W.P. Carey hopes $50M gift benefits Hopkins and Baltimore
Daily Record, The (Baltimore), May 2, 2008 by Robbie Whelan
"While only 9 percent of MIT undergraduates are from Massachusetts, more than 42 percent of the software, biotech and electronics companies founded by MIT graduates are located in the state," the report said. The study did not examine MIT's Sloan School of Business specifically, but rather included both businesses started by MIT undergraduates and graduate students as "MIT- related."
Steve Poftak, research director at the Pioneer Institute, a Boston-based public policy think tank, attributed this sort of local idea-incubation to the MIT Enterprise Forum Inc., a networking resource for MIT-affiliated technology entrepreneurs.
"It's specifically designed to vet new ideas and to expose new ideas to a variety of people who could be customers, advisors or funders," Poftak said. "Certainly, a business school that could take advantage of that and build that would contribute to the local economy."
But Robert Inman, a professor of finance at the University of Pennsylvania's Wharton School of Business, said the notion that a business school could contribute significantly to the economic revitalization of a city is outdated and "silly."
Business schools themselves are not big enough employers to make much of a difference, and "idea incubators" like the Johns Hopkins Hospital don't need MBA programs to turn research innovations into patents and businesses, he said.

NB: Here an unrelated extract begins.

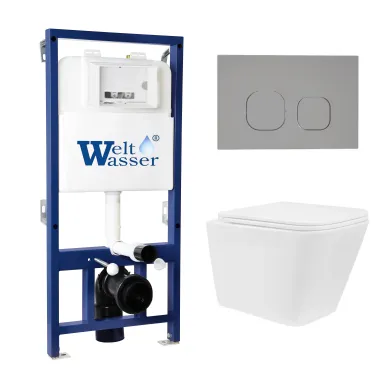 Инсталляция Welt Wasser Bamberg 525 + GELBACH 043 GL-WT + Bamberg CR в комплекте с унитазом, безободковый, с сидением микролифт 0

"If we were back in 1780, he'd have a case to make," Inman said. "Back then, the guys in Boston had no idea what was going on in Baltimore ... but Wharton students leave Philadelphia as fast as they can, because the economy here is not as attractive. ... Anything that the Baltimore economy is missing is available at the right price in Chicago, New York, San Francisco or Austin."
This, however, is largely due to Wharton's status as an "elite" business school, according to Anirban Basu, CEO of Baltimore's Sage Policy Group.
"People graduating from Wharton literally have a world of choice of where to work," he said. "At least today, Johns Hopkins students are more likely to look in the local market."
He added that the existing local business programs, at the University of Baltimore and Loyola College, have plenty of notoriety in the area, but "as soon as you leave the Baltimore metro area, it really dissipates."
Loyola's Sellinger School of Business and Management, however, is developing widespread renown, Basu said.
"The Baltimore metro area, which does not today have a program of national stature, may soon have two," he said.
Yash Gupta, the newly appointed first dean of the Carey Business School, agreed that you can't force business students to stay in Baltimore once they graduate, but said that Hopkins is designing programs to train business students to turn scientific discoveries into business innovations.
"The days have gone when companies create research and development by themselves," he said. "It's extremely expensive.
"Scientists have a different culture, and it is in their interest to have their discoveries commercialized. We will help them understand that culture. ... We'll provide incentives for them to stay in Maryland, and hence they create jobs and create economic development."